The words of our Lord confounded the Jews, who must have recalled the testimony of their ancestors during the time of Moses about the manna as the “bread from heaven” that saved the entire people of Israel from starving in the desert. (Exodus 16:4-15) So how could this son of the carpenter from Nazareth be the “bread that came down from heaven” as Jesus claimed Himself to be? This was indeed a defining moment the Jews who had been following Jesus, as it had been for the Israelites who were following Moses, and had grumbled for lack of food (and faith in Yahweh God).

Christians who question the validity of the Transubstantiation of the bread and wine into the Body and Blood of Jesus Christ in the Eucharistic celebration are like the Jews in today’s Gospel reading who could not see and believe the Bread of Life Who came down from heaven for mankind’s salvation.

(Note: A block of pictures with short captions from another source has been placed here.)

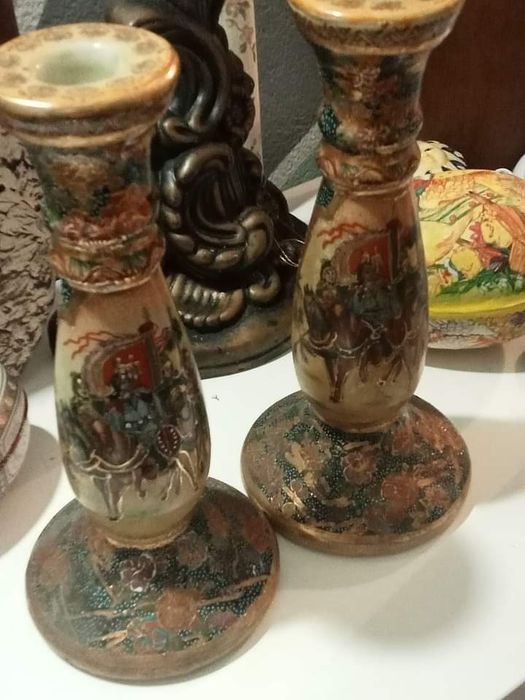 Belo par de castiçais Satsuma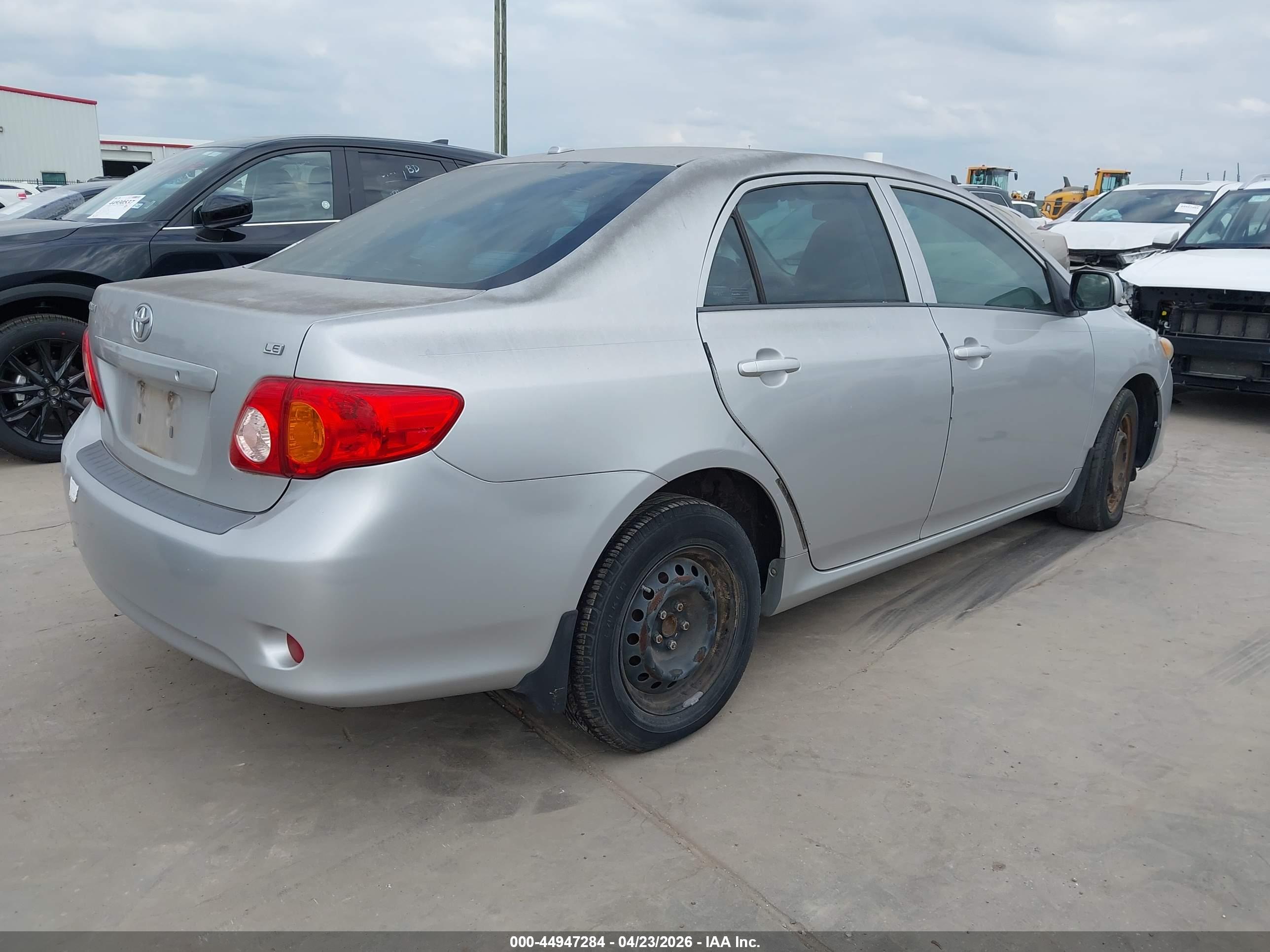 TOYOTA COROLLA image 4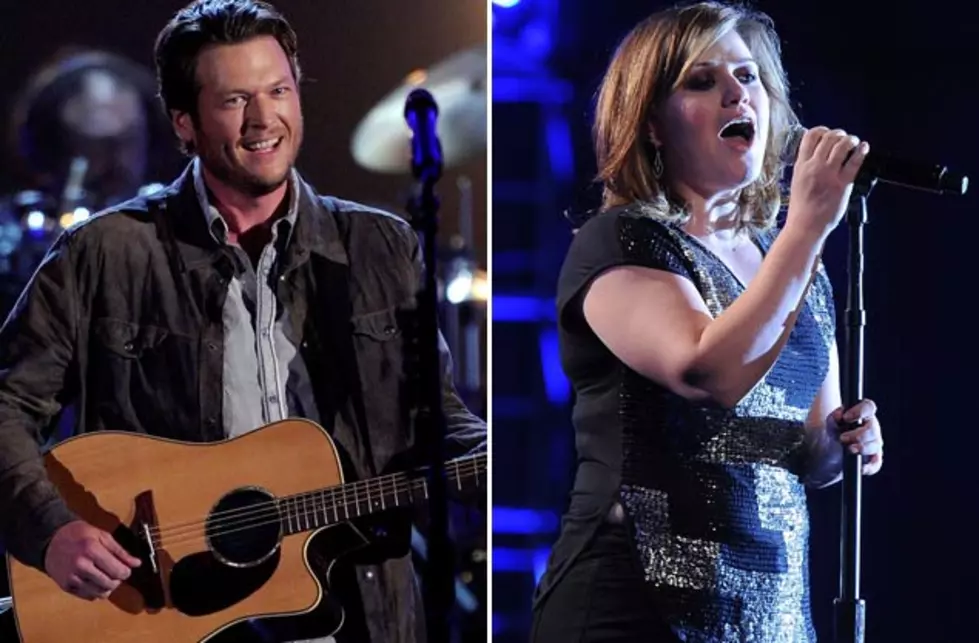 Blake Shelton and Kelly Clarkson Sing ‘Don’t You Wanna Stay’ During Tornado Relief Concert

No different from some so-called exegetes who try to humanize the miracle of the multiplication of the loaves and fish (the only miracle of Jesus contained in all the four Gospels) by citing that the real miracle that happened was when all the people brought out the food that they were hiding to share with all the others. How could they be so blind that they could not recognize a miracle of God which was plain for all to see?

Jesus declared that He was the bread of life, and “whoever comes to me will never go hungry, and whoever believes in me will never be thirsty.”  The feeding of the five thousand was only a simple demonstration of Christ’s compassion for the people who were following Him.  But the greater miracle is the divine plan of nourishing the souls of all who believe in Him – that we will never go hungry in faith and in hope – He will supply these graces; we will never thirst for love – for God is love, and if we believe in Jesus as our Bread of Life, we will never lack in the love of God and neighbors. That is why it is so important to receive Jesus in the Holy Eucharist as often as we possibly can. We must keep going back to the Spring of Life to sustain our faith, and live in the blissful hope that “I shall lose none of all those He has given me, but raise them up at the last day.  For my Father’s will is that everyone who looks to the Son and believes in Him shall have eternal life, and I will raise them up at the last day.”

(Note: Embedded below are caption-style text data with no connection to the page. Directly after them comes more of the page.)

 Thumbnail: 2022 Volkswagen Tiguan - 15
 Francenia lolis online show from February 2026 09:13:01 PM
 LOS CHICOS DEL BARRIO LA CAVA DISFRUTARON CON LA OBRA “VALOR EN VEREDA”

We believe that You are always with us, Lord, in the breaking of the bread, when we receive You in the sacrifice of the Mass. As in the time of Moses in the desert when You saved your people from starvation, as in the time when bread was miraculously multiplied to feed the multitudes who followed You in the wilderness, so it is in all masses all over the world in the present, where you nourish our hungry souls. Amen.